Compounding the risk, 70% of organisations reportedly grant AI systems broader access than a human in an equivalent role. Organisations with over-privileged AI reported a 76% incident rate versus 17% for those enforcing least privilege — a stark delta that quantifies the cost of excessive agency.
Framework Mapping
- AML.T0012 (Valid Accounts): Attackers abuse legitimate inherited credentials rather than cracking the model.
- AML.T0047 (ML-Enabled Product or Service): The deployed Co-Pilot is the target surface, exploited indirectly.

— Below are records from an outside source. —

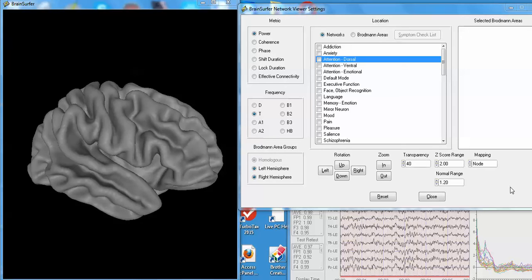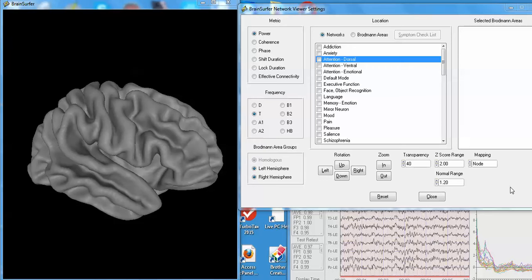This is a video of the BrainSurfer Network Viewer. It's a new add-on to NeuroGuide. One activates this particular tool for the purposes of assessment of different brain regions and different brain networks of patients that may be having various symptoms.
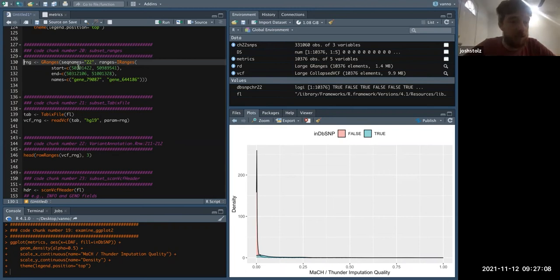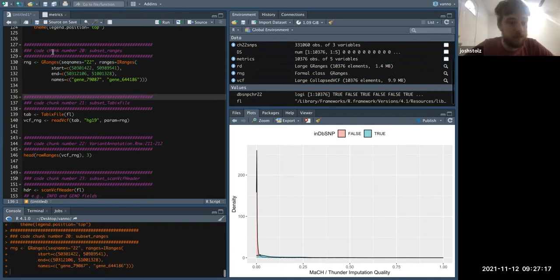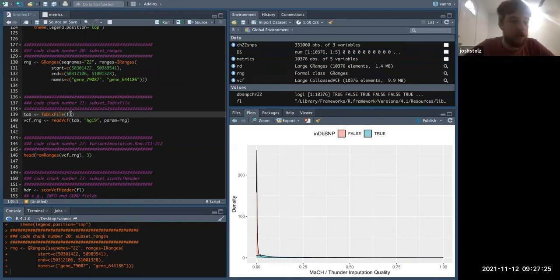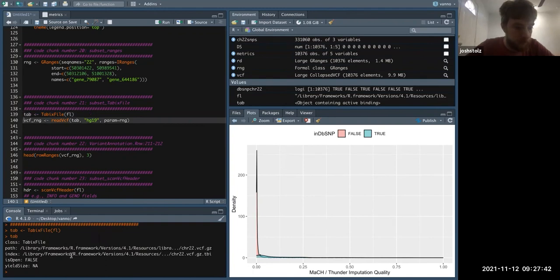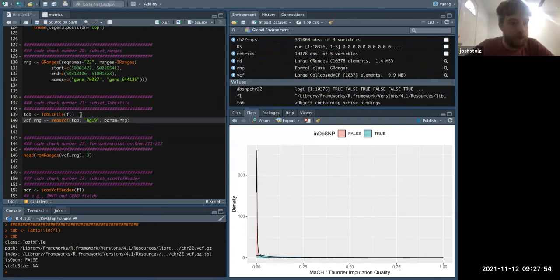We get our range here — chromosome 22, start, end — and we're looking for two specific genes. Originally when we read this in it had a path; if we look at FL it has an accompanying path to a tabix file. This indexes our VCF by rows. Now when we read this in, we can specify the tabix file, the build, and our ranges, and we get a specific subset of the VCF.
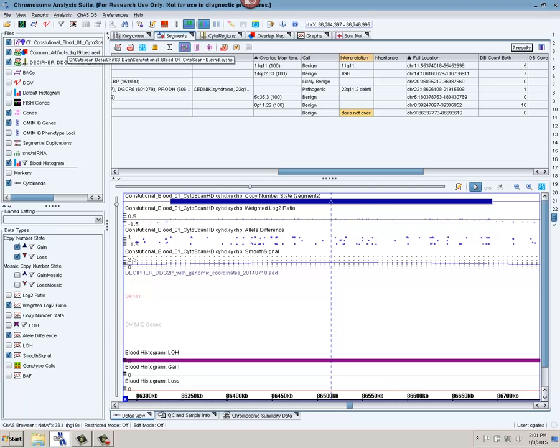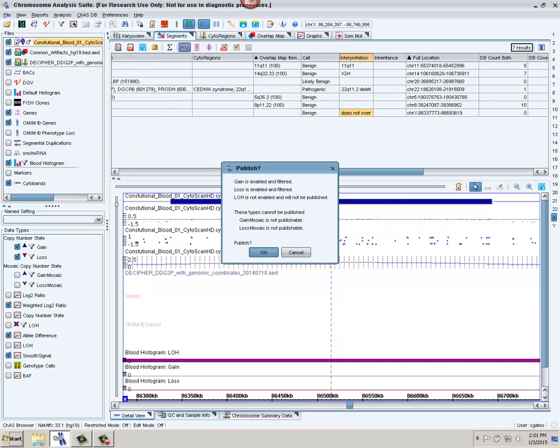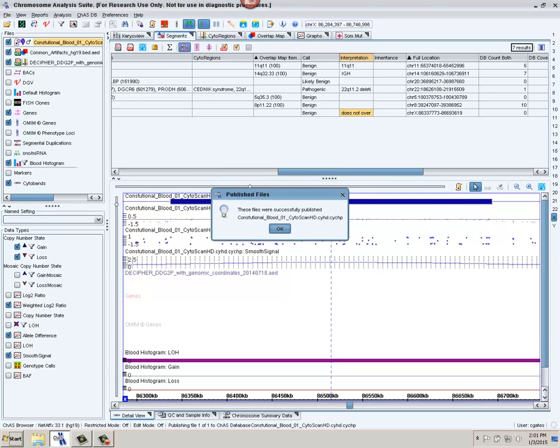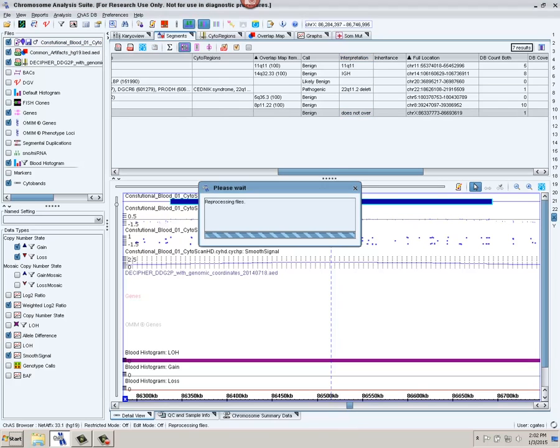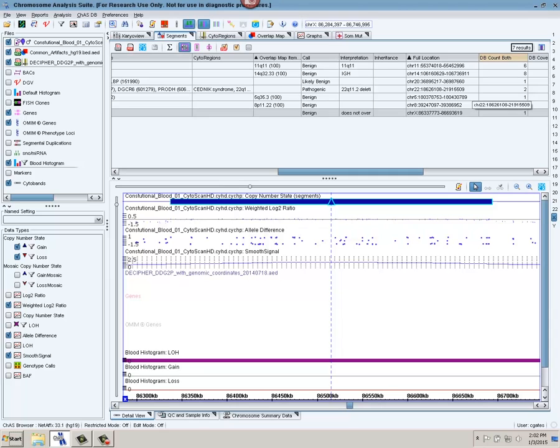I can now upload this file by right-clicking on it and choosing Publish File to Database. It's letting me know that the copy number segments will be uploaded. And I say okay. The files were successfully published. And we can see we get new counts here that are reflected immediately in the database count. So for instance, before I had seen it one time, now I see this segment, this pathogenic segment, twice because it's counting this sample that I just uploaded.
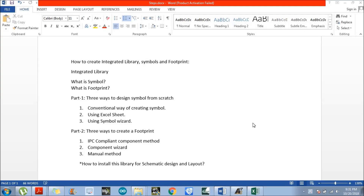Hello everyone, my name is Avirala and today we will discuss about how to create an integrated library with symbols and footprints from scratch in LTM Designer. In this video we will discuss about these few things. Firstly, let's discuss about what is an integrated library.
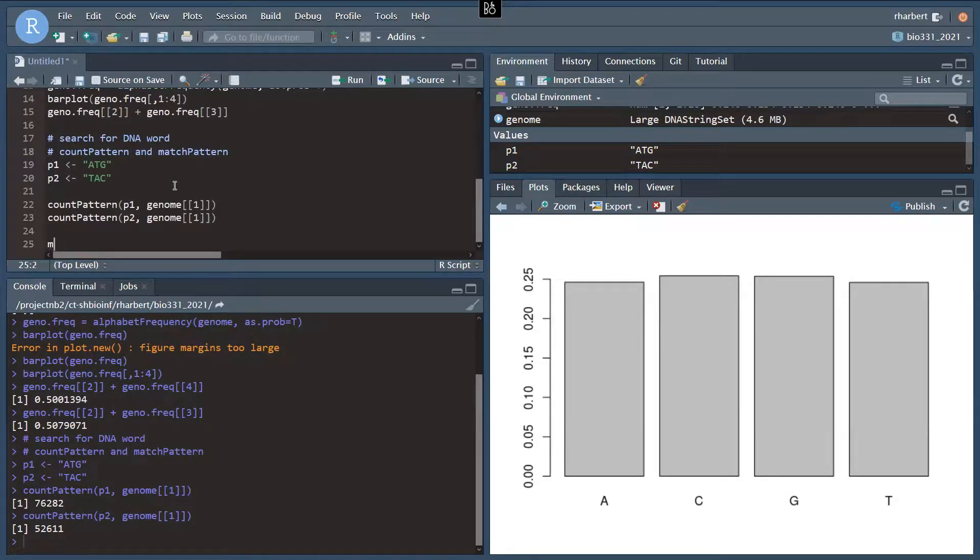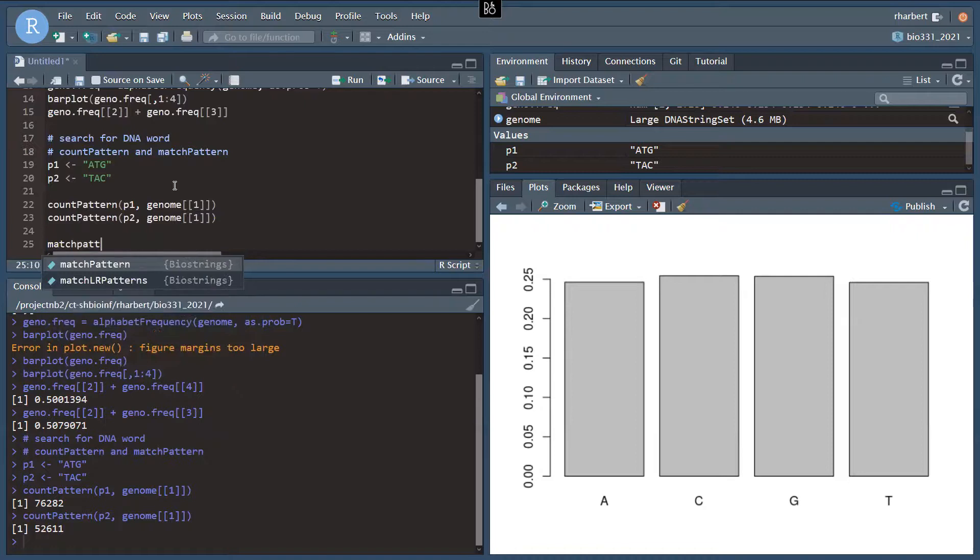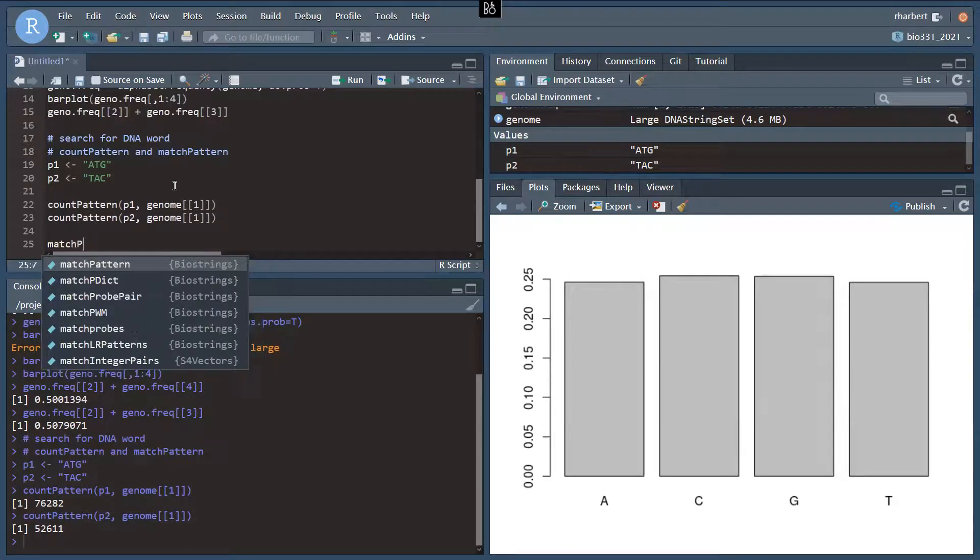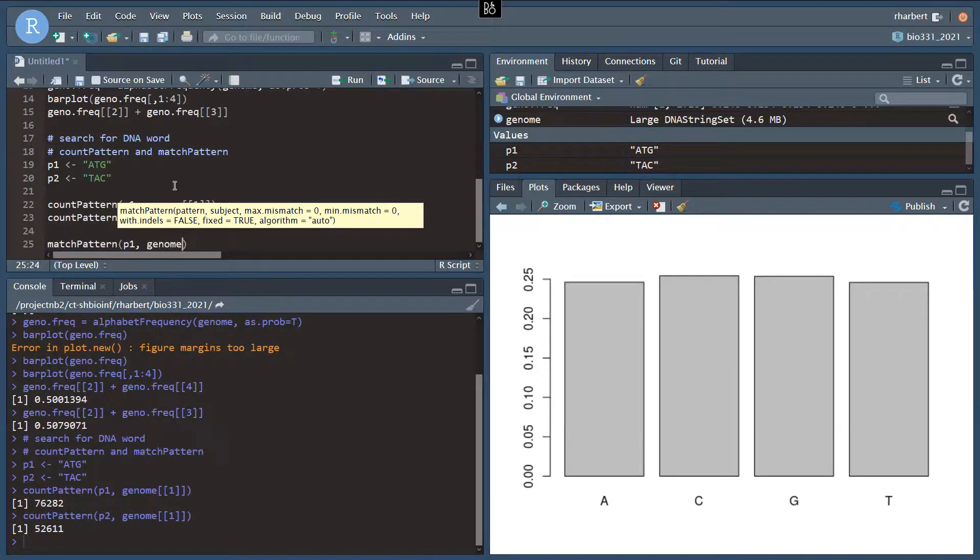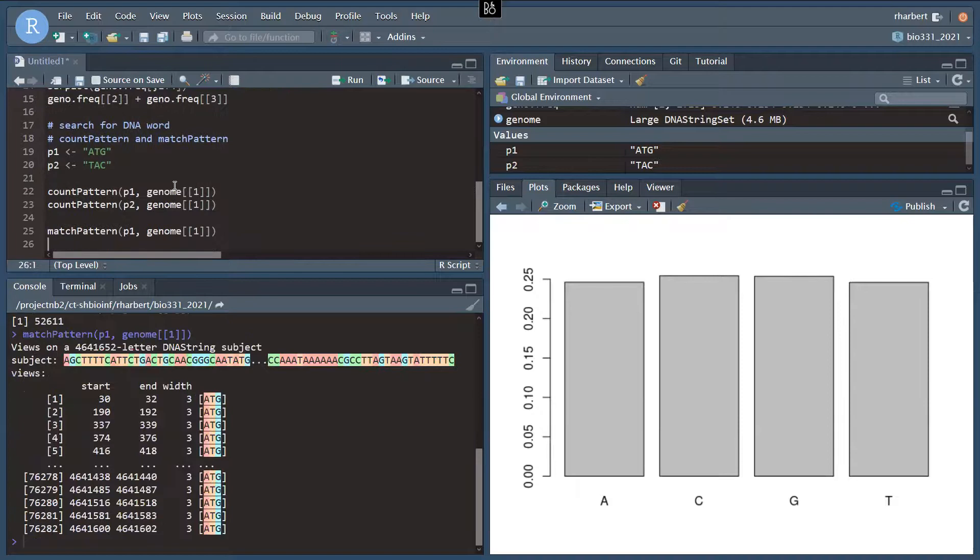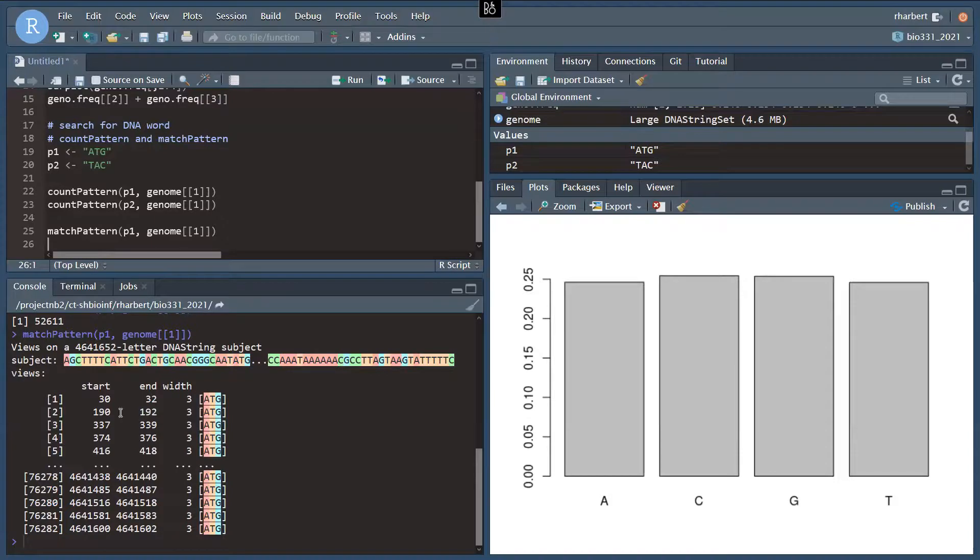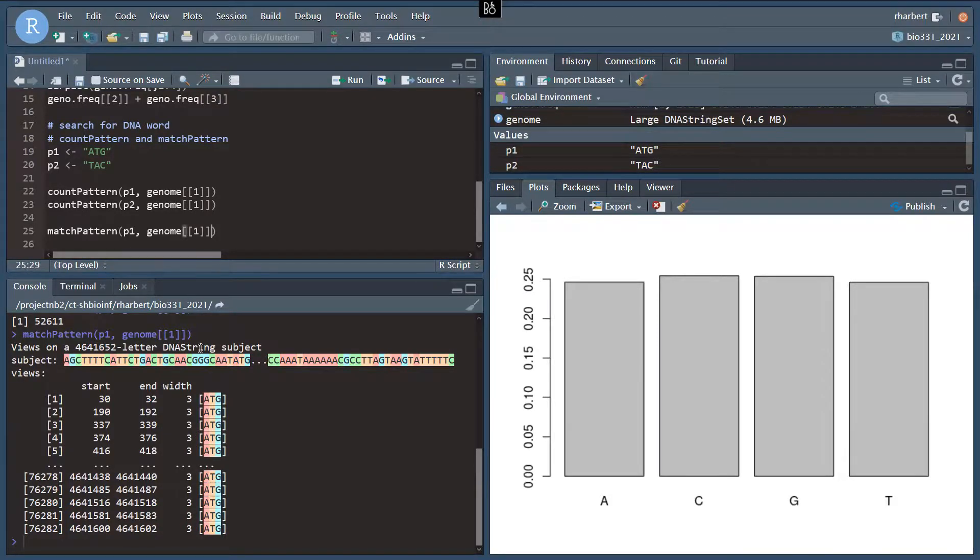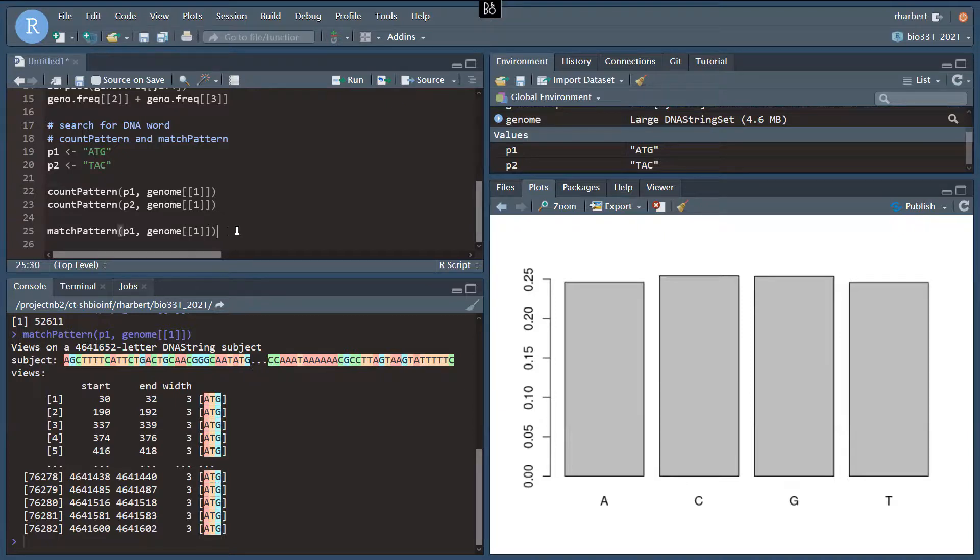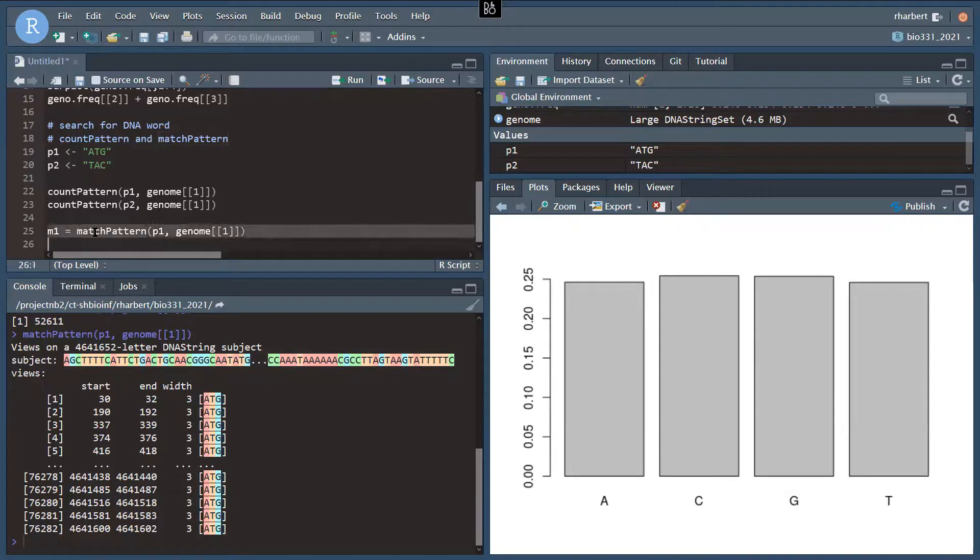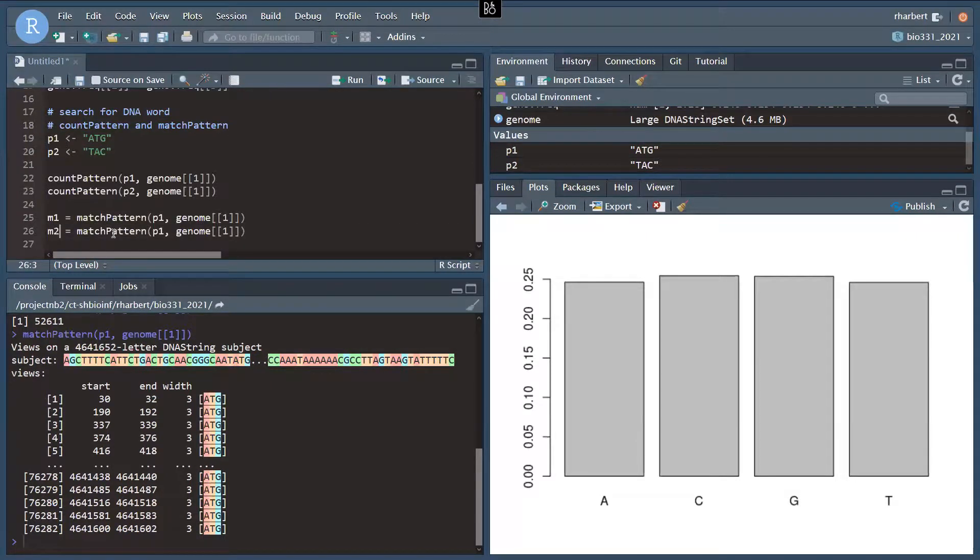The second function is matchPattern. This is going to return the data in a slightly different format, but we call it the exact same way. So matchPattern, P1, genome, and that's going to give us a table with the start and end of each match. The width is always going to be the same here. We can give it a number of mismatches allowed here as well, and then the width might be different if we get a partial match. And it gives us all 76,000 matches here, where they start, where they end, and what the match is. So let's call this M1, and we'll do the same thing for matches 2 with our second string.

- AML.T0057 (LLM Data Leakage): Agent access to customer data in S3 becomes exfiltration-ready once credentials are compromised.
- LLM08 (Excessive Agency): Over-provisioned IAM roles give agents — and therefore attackers — far more capability than intended.
- LLM05 (Supply Chain Vulnerabilities): Legacy dependencies (Lambda, IAM, Active Directory) represent the supply chain beneath the AI layer.
Impact Assessment
Any enterprise running AI agents that inherit permissions from pre-existing IAM roles, service accounts, or credential stores is exposed. The risk is highest where AI agents have read/write access to production data stores, SaaS platforms, or financial systems. The 76% incident rate cited for over-privileged AI deployments suggests this is not a theoretical concern — organisations are already experiencing consequences.
Mitigation & Recommendations
- Enforce least privilege for AI identities: Audit every IAM role, service account, and API key assigned to or inherited by AI agents. Revoke permissions not explicitly required.
- Patch legacy infrastructure before expanding AI access: Treat AI agent deployment as a trigger for a full vulnerability scan of connected legacy systems.
- Isolate agent dependencies: Use dedicated S3 buckets, Lambda execution roles, and network segments for AI workloads rather than sharing with general-purpose infrastructure.
- Rotate and vault credentials: Remove cached or long-lived credentials from developer machines and CI/CD pipelines accessible to AI agent build chains.
- Continuous exposure mapping: Maintain an up-to-date map of everything an AI agent can reach and review it whenever infrastructure changes.